Well - Mr Collins was right about one thing : M/s Kiernan was his fiancée.

"The British broke the Treaty of Limerick, and we'll break this Treaty too when it suits us, when we have our own army..."

When Mr Collins and other turncoats like him assembled their own army, they tasked it with upholding partition and hunting down and executing the brave men and women of the IRA that they had once fought alongside.

Their oath to the Irish Republic - that's what Mr Collins and his ilk 'broke' :

'I, (name), do solemnly swear that I will uphold and defend the Irish Republic and the Government of the Irish Republic which is Dáil Éireann against all enemies both foreign and domestic ; that I will bear true faith and allegiance to the same. That I take this obligation freely without mental reservation or purpose of evasion, so help me, God.'

Instead, the Staters took the following oath -

'I, (name), do solemnly swear true faith and allegiance to the Constitution of the Irish Free State as by law established, and that I will be faithful to H. M. King George V, his heirs and successors by law in virtue of the common citizenship of Ireland with Great Britain and her adherence to and membership of the group of nations forming the British Commonwealth of Nations.'

Don't know if Kitty took the same oath or not, but shame on those who did.

Incidentally, Francis Thomas Aiken, a republican-gamekeeper-turned-Free State-poacher, stated that Eoin O'Duffy, another republican-gamekeeper-turned-Free State-poacher, had told him that the signing of the Treaty (and, therefore, the taking of the 'loyal to the Commonwealth' oath) "was a trick. IRA GHQ had only approved the Treaty in order to get the arms to continue the fight...".

And trick it was - but it was those oath-takers who were being tricked...

















On the same day that Mr Michael Collins was whispering sweet nothings (literally) to his Kitty, the Third Session of the Second (Republican) Dáil (Day Four) was in session in Dublin -

"I know perfectly well I have charge of four thousand men. I do not here hesitate to say that number.

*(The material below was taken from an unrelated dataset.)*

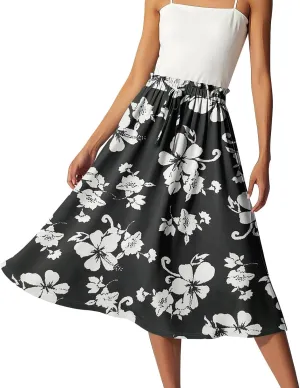 ADHOWBEW Long Skirts for Women Plus Size Casual Flowy A Line Ruffle Beach Midi Length Trendy Cute High Waisted Summer Skirts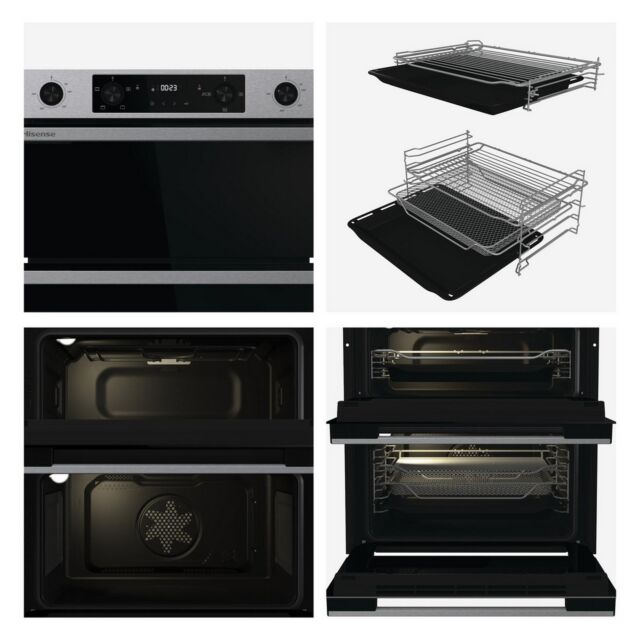 Hisense BUD714221CX 594cm Built Under Electric Double Oven - Black & Stainless Steel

But of that four thousand I have a rifle for every fifty. Now that is the position as far as I am concerned and I may add that there is about as much ammunition as would last them about fifty minutes for that one rifle.

Now people talk lightly of when we are going to war. I hold they do not know a damn thing about it.

I hold further the Treaty is called a bird in the hand. I hold that that bird in the hand can be turned to Ireland's interests, not to put or to have only one rifle in the hands of every fifty men but to put one rifle in every man's hand..."

- Séan MacEoin (pictured), yet another republican-gamekeeper-turned Free State-poacher, speaking at that Dáil session.

And Mr MacEoin and his type did indeed "put one rifle in every man's hand", but those rifles were turned against their old comrades, not against the British.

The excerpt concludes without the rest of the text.